COURT OF APPEALS OF THE STATE OF NEVADA
Jan 20, 2016
No. 66549 (Nev. App. Jan. 20, 2016)

Opinion

No. 66549

01-20-2016

LARRY SMITH, Appellant, v. MARTHA SMITH, Respondent.


ORDER OF AFFIRMANCE

This is an appeal from a post-judgment order denying NRCP 60(b) relief and denying a motion to modify spousal support. Second Judicial District Court, Washoe County; Bridget Robb Peck, Judge.

We grant appellant's November 2, 2015, motion for leave to file a reply, and we direct the clerk of the court to detach and file the reply attached to that motion. As a result, we also deny as moot appellant's September 22, 2015, motion for leave to file a reply, and we take no action on appellant's December 31, 2015, letter regarding his motion for leave to file a reply.

The parties were divorced in 2007. As part of the divorce decree, the district court ordered appellant to pay respondent $1200 per month, part of which represented respondent's portion of appellant's pension, with the remainder being spousal support. Appellant did not appeal the divorce decree, but instead, filed a series of post-judgment motions in the district court seeking relief from the judgment. All of these motions were denied, but appellant did not appeal the denial of any of these motions. On August 1, 2014, appellant filed another motion seeking relief from the pension distribution and spousal support provisions in the parties' divorce decree, which the district court also denied. This appeal of that determination followed.

On one occasion, appellant attempted to appeal an order entered as a result of respondent's motion to enforce the divorce decree, but the Nevada Supreme Court concluded that the challenged order was not appealable and dismissed the appeal for lack of jurisdiction. See Smith v.

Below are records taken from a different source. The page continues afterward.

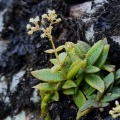 foveata KZN (photo Andrew Mckay) (3)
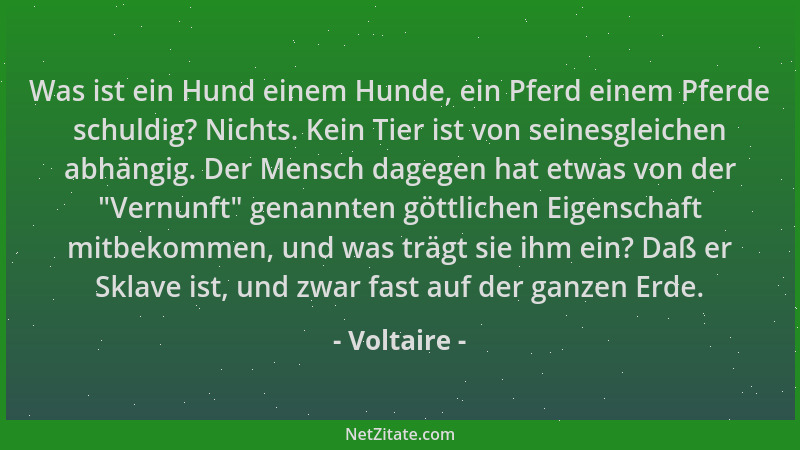 Voltaire - Was ist ein Hund einem Hunde, ein Pferd einem Pferde schuldig? Nichts. Kein Tier ist von seinesgleichen abhängig...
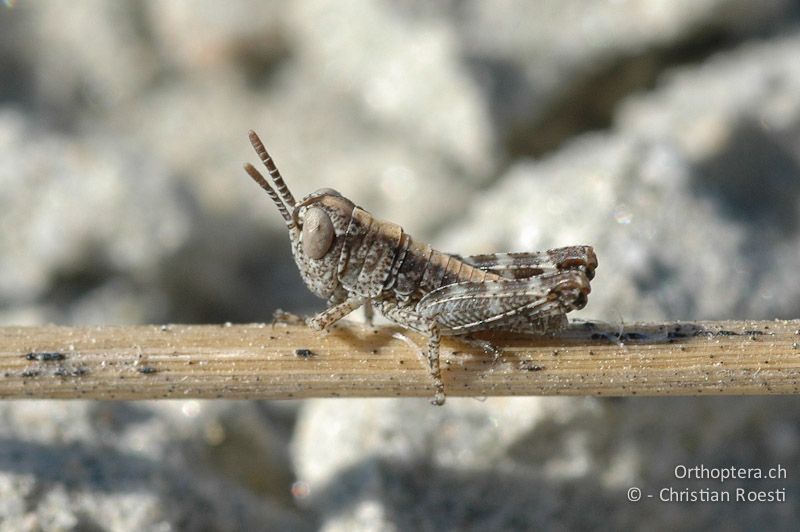 Larve von Epacromius tergestinus ponticus - CH, VS, Salgesch, 22.04.2007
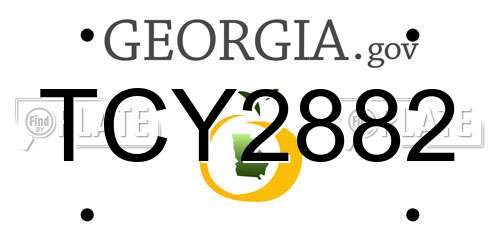 TCY2882 Georgia License Plate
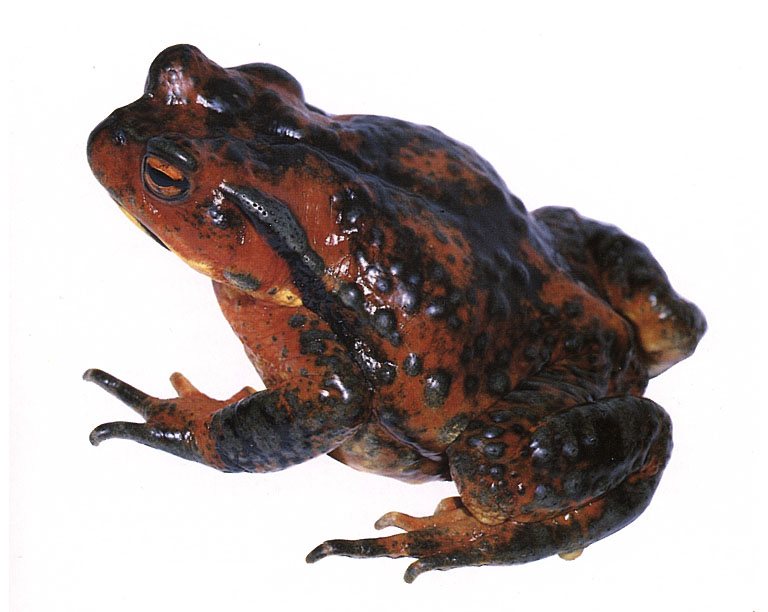 Bufo torrenticola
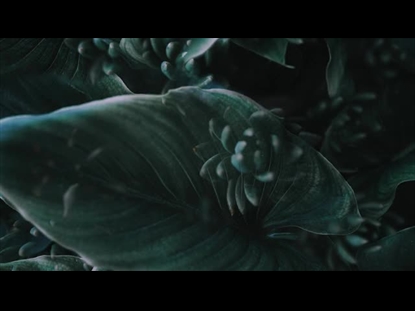 LEAVES AND SUCCULENTS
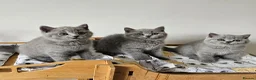British Shorthair cats for sale: Beautiful British shorthair blue kittens NEUTERED - Advert 9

Smith, Docket No. 58884 (Order Dismissing Appeal, October 6, 2011).

In his civil appeal statement, appellant contends that the pension distribution and spousal support provisions of the divorce decree should have been set aside because they were void insofar as they were obtained by fraud and in violation of appellant's due process rights. Specifically, appellant asserts that he was prevented from attending the hearing underlying the divorce decree when he was transferred to a different prison within the Nevada Department of Corrections. This does not, however, set forth a basis for a finding of fraud upon the court. See Chen v. Nev. State Gaming Control Bd., 116 Nev. 282, 284, 994 P.2d 1151, 1152 (2000) (explaining that a fraud claim involves, among other things, "a false representation of a material fact"); see also NC-DSH, Inc. v. Garner, 125 Nev. 647, 649-50, 218 P.3d 853, 855-56 (2009) (affirming a district court order granting relief from the judgment based on fraud upon the court where an attorney settled a case without his client's, approval and forged settlement papers). As a result, NRCP 60(b) relief was properly denied as to this argument.

To the extent appellant argues that respondent misrepresented to the court that appellant would be receiving social security income, this would, at most, amount to fraud or misrepresentation of an adverse party, which must be raised in an NRCP 60(b) motion within six months after notice of entry of the judgment was served. See NRCP 60(b)(3); see also NC-DSH, Inc. v. Garner, 125 Nev. 647, 654, 218 P.3d 853, 858 (2009) (noting that fraud upon the court "cannot mean any conduct of a party or lawyer of which the court disapproves," and defining fraud upon the court as "that species of fraud which does, or attempts to, subvert the integrity of the court itself, or is a fraud perpetrated by officers of the court so that the judicial machinery cannot perform in the usual manner its impartial task of adjudging cases" (quoting Demjanjuk v. Petrovsky, 10 F.3d 338, 352 (6th Cir. 1994))). Thus, the motion for relief from the judgment was untimely with regard to this argument.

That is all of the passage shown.